--- Work instructions ---
In the records that follow, find the line containing "Maison, 280 m²" and the line containing "Стильна жіноча куртка", then transcribe both and every line between them exactly, omitting pictures.

--- Available data ---
== Segment start ==
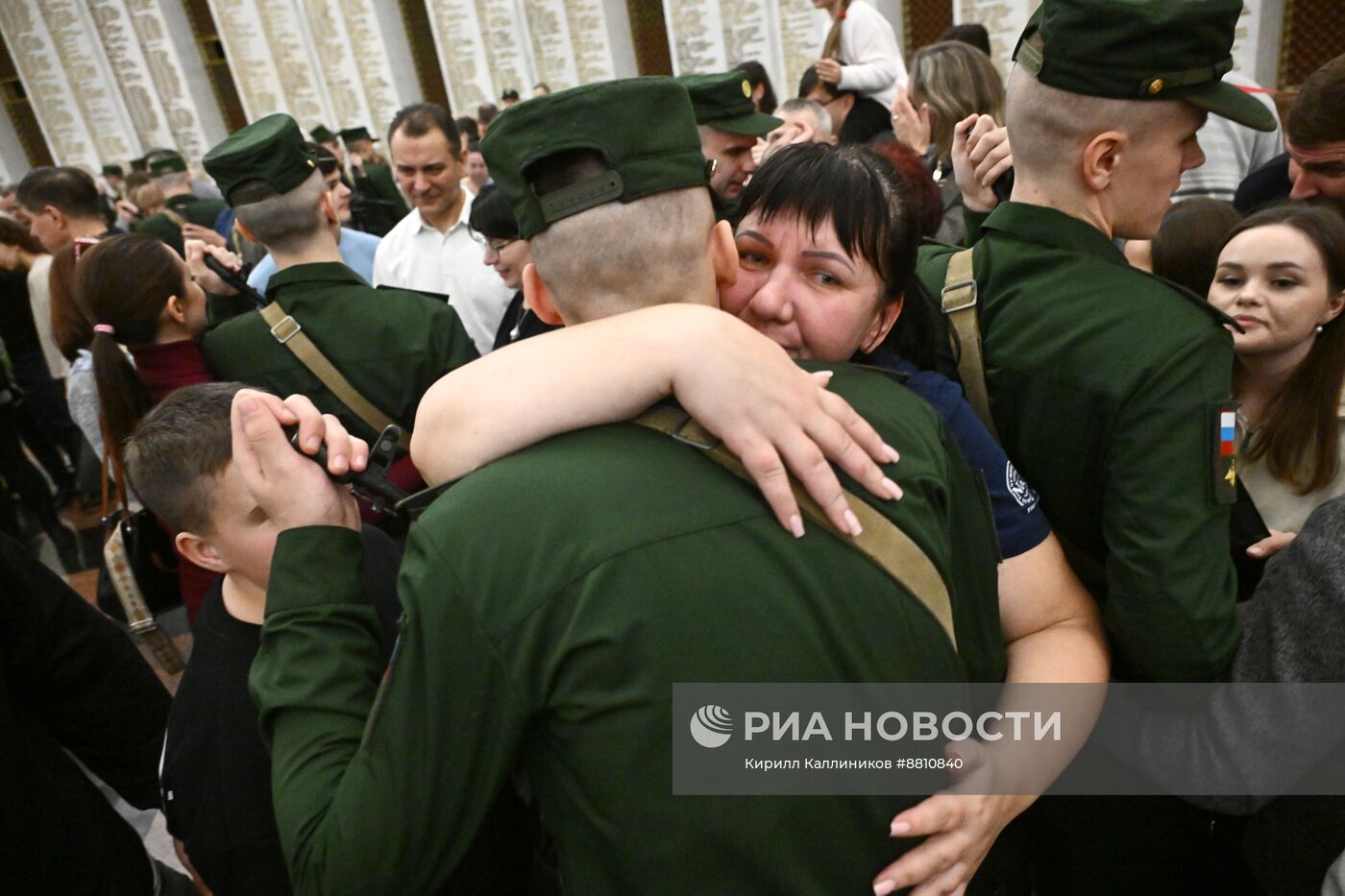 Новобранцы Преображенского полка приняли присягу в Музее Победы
== Segment end ==
== Segment start ==
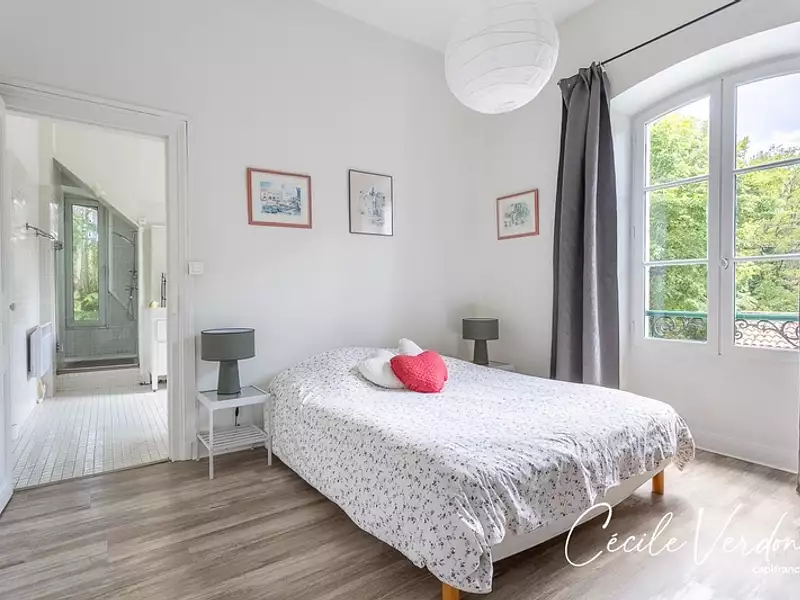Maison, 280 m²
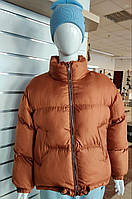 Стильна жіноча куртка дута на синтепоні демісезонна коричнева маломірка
== Segment end ==
--- Answer section ---
Maison, 280 m²
 Стильна жіноча куртка дута на синтепоні демісезонна коричнева маломірка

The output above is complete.